By Gary Kline
Urine is a valuable resource, which, like so many other under-utilized resources, is treated as a waste when the real waste is in our failure to make use of it. When it comes to human urine, however, we use the term in a double sense to mean filth. This is a doubly big mistake with major economic and environmental consequences. We need to alter our thinking and become a urine conserving and using nation.
Think of the huge amount of money this nation has sunk into “waste” treatment plants. The major reason such enormous amounts of money have been sunk into such facilities is to deal with a tiny portion (about one percent) of the effluent that makes it way to the treatment plant, namely the urine. That’s because urine is the major source of nitrogen and phosphorus that could otherwise make it into water bodies and over-fertilize them, leading to oxygen deprivation and killing off fish and other aquatic life. It can also make those water bodies unusable for swimming and as sources of drinking water. Therefore we go to great expense to take out what should not have been put in to begin with.
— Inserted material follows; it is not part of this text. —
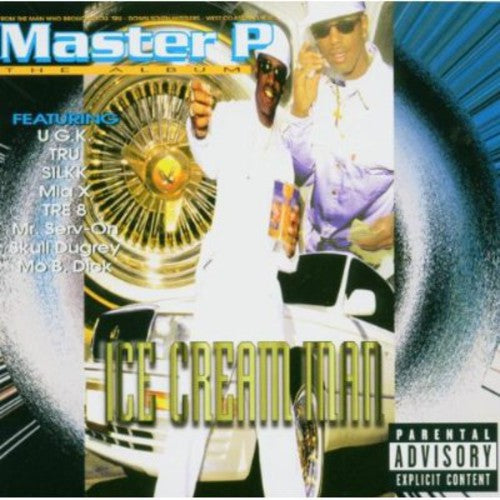 Master P: Ice Cream Man { CD }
The point is that we don’t want urine going into our waterways and therefore we spend enormous amounts of money to prevent that or “treat” human waste (feces and urine) when we might simply divert the urine into more productive, non-polluting uses and greatly reduce the cost of waste treatment, even without making use of the fecal matter in humanure as many cultures have done throughout history. We should compost humanure, then apply it. Both Sir Albert Howard and J.I. Rodale were very big on recycling human wastes. This admittedly is not a pleasant topic, but know that in some European countries they actually do make serious efforts to divert and collect urine for use in fertilizing plants and crops in a sensible manner that keeps them from polluting lakes, streams, estuaries, etc.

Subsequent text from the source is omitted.